When we scrape data from Non-English languages and give you a CSV file, the data may appear corrupted or unreadable (when you double click and open the file in Excel).

This issue occurs because we scrape the data as unicode text, but Excel reads CSV files in non-unicode by default.To configure Excel to use unicode on your exported CSV reports:

  1. Start Microsoft Excel
  2. In Excel, click the Data tab, and in the Get External Data ribbon/panel, click From Text .
  3. In the Import Text File dialog box, in the lower-right corner (to the right of the File name box), select Text Files (*.prn;*.txt;*.csv) as the file type, browse to the location where you exported/downloaded the CSV file, and then click Open (or Import).
  4. In the Text Import Wizard – Step 1 of 3 dialog box, select Delimited, and from the File origin drop-down list, select 65001: Unicode (UTF-8) (or the appropriate language character identifier for your particular environment).
    In the Preview box, make sure that your unicode text displays properly, and then click Next.
  5. In the Text Import Wizard – Step 2 of 3 dialog box, in the Delimiters section, make sure that only Comma is checked, and then click Finish.
  6. In the Import Data dialog box, select New worksheet (or Existing worksheet if you have one), and then click OK.

You now have a properly formatted (and unicode-friendly) Excel worksheet.

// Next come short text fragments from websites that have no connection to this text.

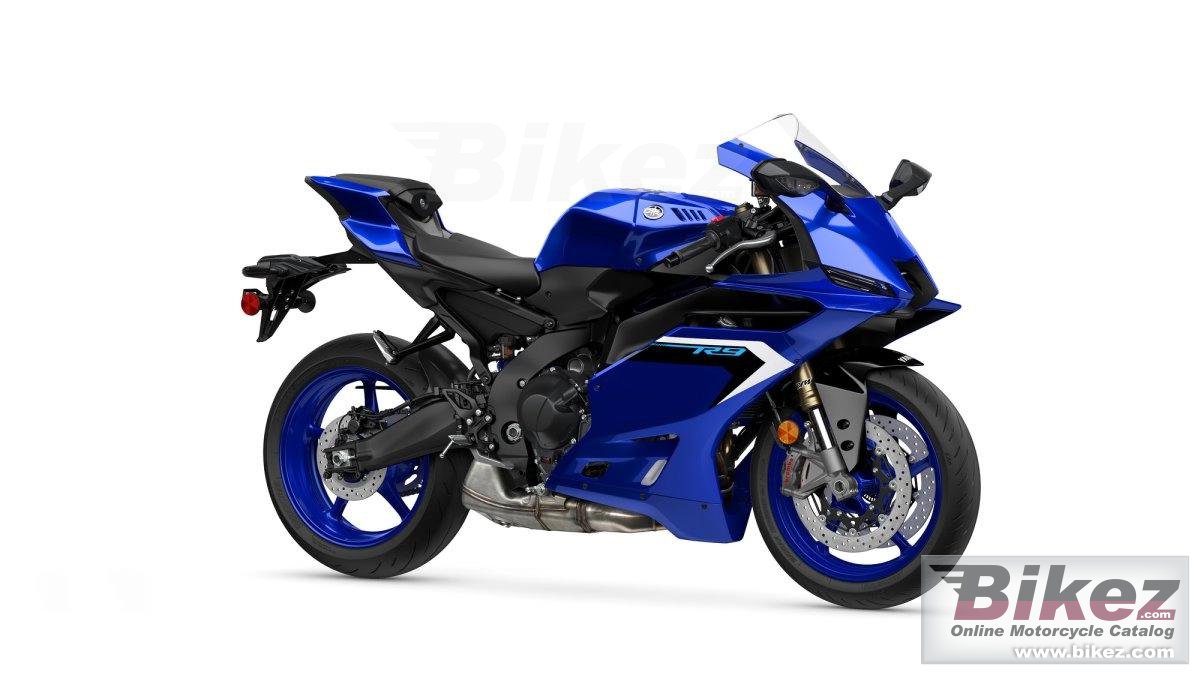 Yamaha YZF-R9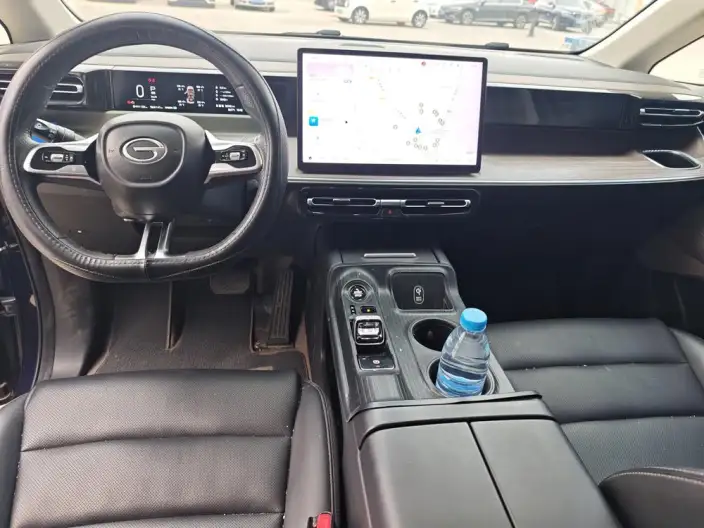 GAC Trumpchi E8 PHEV 2024 Model 2.0ATK 150km MAX+ – фото 5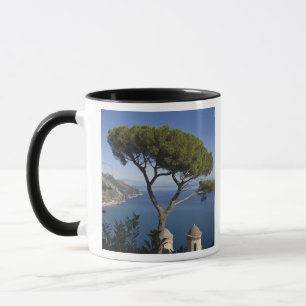 Taza Costa de Amalfi, Ravello, Campania, Italia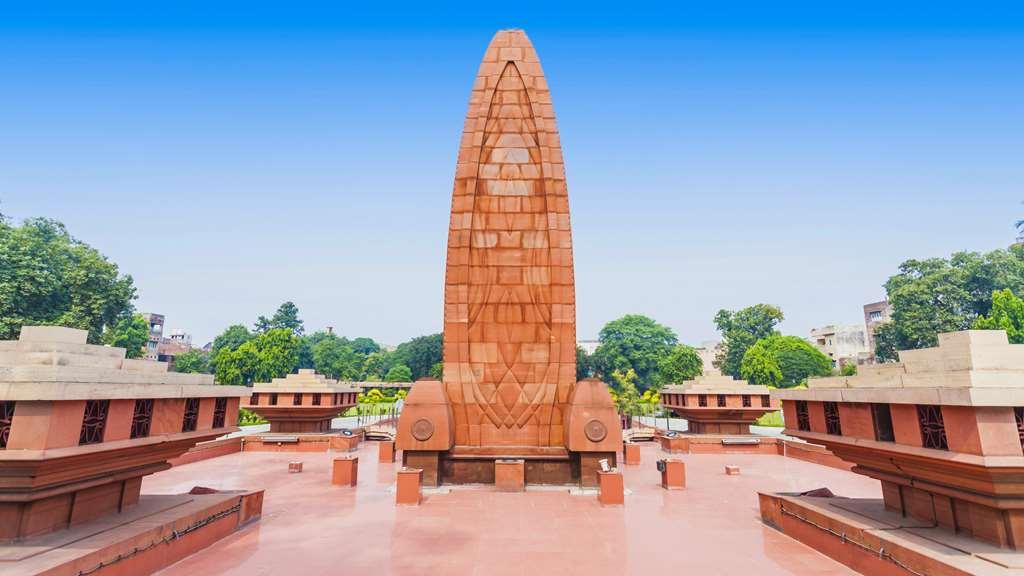 Park Inn By Radisson Amritsar Airport Bagian luar foto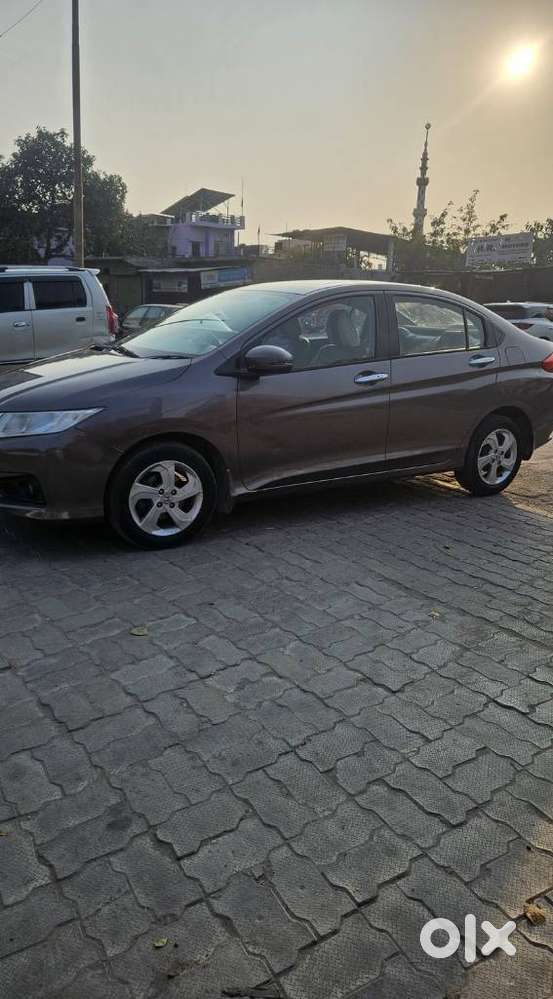 Honda City, 2014, Diesel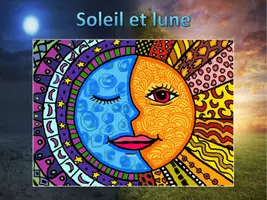 Aperçu - Préparation de séquence / Séquence complète - ART: Soleil et lune - Page 1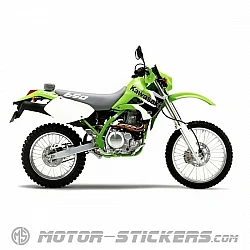Kawasaki KLX650 R 2001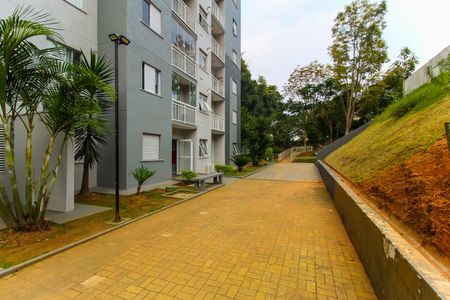 Apartamento à venda com 47m², 2 quartos e 1 vaga Apartamento à venda com 47m², 2 quartos e 1 vagaÁrea Comum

If you would like to know more about encoding and characters sets, here is an excellent article.

If you still see issues

Sometimes, despite opening the file with the correct encoding, Excel will show multi-line strings on separate lines in Excel as the next row of the data. The solution to that problem is something related to BOM

You need to download Notepad++ for free at http://notepad-plus-plus.org/ and then open the CSV file in it and then click the Encoding menu and check the entry related to UTF-8 and BOM

Then Save the file and Open it in Excel and the issues should be fixed.